There is growing interest in the economic development community about how people can participate in the platform economy to find work and earn a living. Opportunities in roles like online freelancing and ride hailing are beginning to be found throughout low- and middle-income countries, as is social commerce—the selling of goods and services via social media platforms like Facebook and WhatsApp. Perhaps platform work and platform sales offer new paths to employment, agency, and earning, even in contexts where unemployment is rampant and traditional jobs in the formal sector are scarce. Perhaps platform work and platform sales represent a dangerous erosion of hard-fought social contracts between workers and employers, a way of working that traps small enterprises and individuals at the margins without dignity or prospects for advancement. Perhaps platform work and platform sales are both of these things, and more. We argue that to inform policies, product, and program, there is still insufficient attention paid to how individual work seekers and entrepreneurs pursue livelihoods in the platform economy. To address this gap, this paper draws on a literature review to make five main foundational contributions.

1 We propose and define platform livelihoods as the superset of platform work by individuals and platform sales by micro and small enterprises (MSEs) and farmers. This resulted in an illustrative set of nine diverse platform livelihood types.
2 Using a review methodology of 75 studies, we identified twelve core experience elements of platform livelihoods, discussing each in turn.
3 We discuss studies of each of the nine platform livelihood types, drawing distinctions between them.
4 We combine these two arrays into 9×12 online evidence map1 of findings per livelihood type and per element.

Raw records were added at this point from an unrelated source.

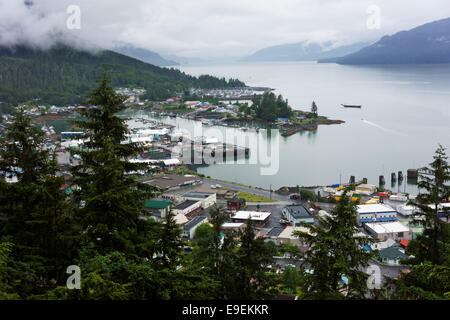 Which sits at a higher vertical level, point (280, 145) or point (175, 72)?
point (175, 72)

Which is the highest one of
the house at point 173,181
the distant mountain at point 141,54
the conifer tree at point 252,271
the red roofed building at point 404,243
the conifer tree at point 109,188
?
the distant mountain at point 141,54

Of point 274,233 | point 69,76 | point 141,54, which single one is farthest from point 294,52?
point 274,233

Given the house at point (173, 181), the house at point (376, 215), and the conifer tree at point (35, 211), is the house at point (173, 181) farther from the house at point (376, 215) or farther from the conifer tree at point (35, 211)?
the conifer tree at point (35, 211)

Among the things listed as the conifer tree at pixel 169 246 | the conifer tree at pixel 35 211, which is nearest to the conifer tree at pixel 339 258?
the conifer tree at pixel 169 246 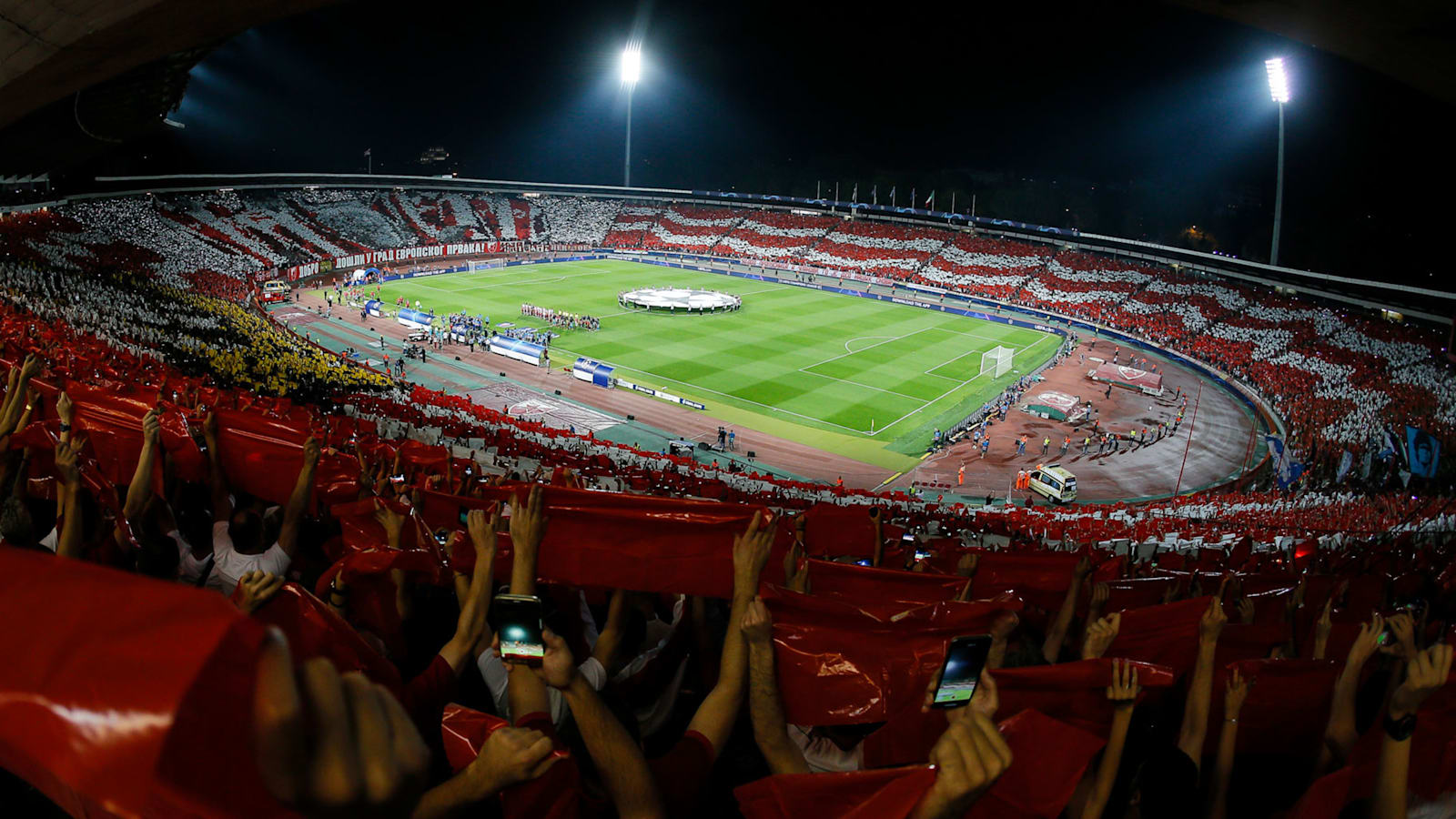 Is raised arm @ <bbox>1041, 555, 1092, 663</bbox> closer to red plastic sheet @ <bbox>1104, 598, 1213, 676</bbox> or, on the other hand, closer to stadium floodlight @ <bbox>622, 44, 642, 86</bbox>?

5 We discuss how these livelihood elements and types interact with four crosscutting themes (gender, rurality, youth, and COVID-19), and four emergent dynamics (hidden hierarchies, amplification, contestation/appropriation, and fractional livelihoods).

We have crafted this review, and the forthcoming Kenya fieldwork that it supports and informs, with the support of the Mastercard Foundation, that is specifically interested in extending work that is dignified and fulfilling to 30 million young Africans, particularly young women, as part of its Young Africa Works initiative.